Abrirse al desacuerdo implica exponerse a ideas contrarias y contemplar la posibilidad de dejarse convencer. No significa que sea cómodo pero es necesario para construir una sociedad en paz.

A juzgar por el tono de los debates en medios y redes sociales, los colombianos estamos reemplazando la guerra de las armas por la guerra de las palabras. Los insultos del arranque de la campaña presidencial se sumaron a los resentimientos avivados por el primer aniversario del plebiscito del 2 de octubre. Nos recordaron cuán polarizados seguimos, qué fácil es descalificar a otros y qué tan difícil es el arte del desacuerdo.

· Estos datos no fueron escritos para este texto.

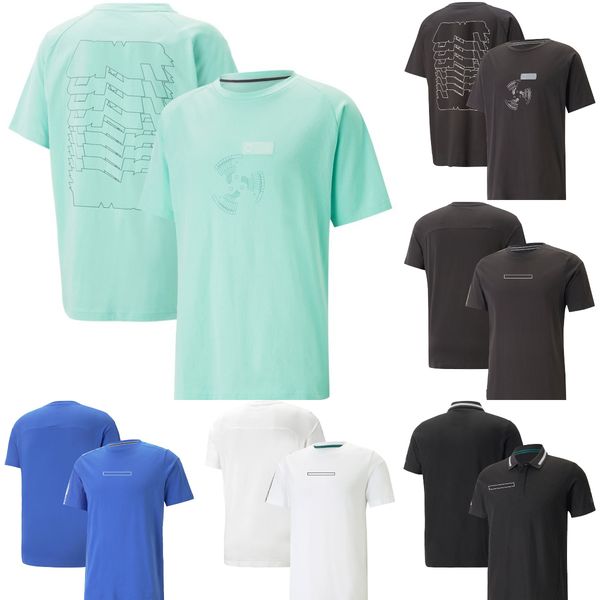 

2023 summer new f1 t-shirt formula one custom t-shirts for fans fashion sports style men's polo shirt short sleeve plus size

Traigo la idea del arte del desacuerdo de un discurso extraordinario de alguien con quien normalmente yo estaría en desacuerdo: el columnista conservador Bret Stephens —libertario económico, escéptico sobre la urgencia del cambio climático—, quien hace poco recibió el premio del Instituto Lowly en Australia por la calidad y la persistencia de su labor periodística de llevar la contraria. Por eso sus críticos (cuyas posiciones yo normalmente compartiría) intentaron sabotear su elección al premio, como lo hicieron hace unos años cuando ganó el Pulitzer.

En Colombia no hemos llegado al extremo que sufre Stephens en EE. UU., donde los pensadores progresistas son vetados en medios de propaganda reaccionaria como Fox News y los conservadores son callados por estudiantes enfurecidos en las universidades progresistas. Pero nos acercamos peligrosamente a esa partición del país. Cada vez es menos lo que está permitido decir —sobre la JEP, sobre los candidatos presidenciales, etc.—, antes de que se desate una turba de trolls del otro lado en redes sociales, o los contraargumentos se conviertan en ofensas personales.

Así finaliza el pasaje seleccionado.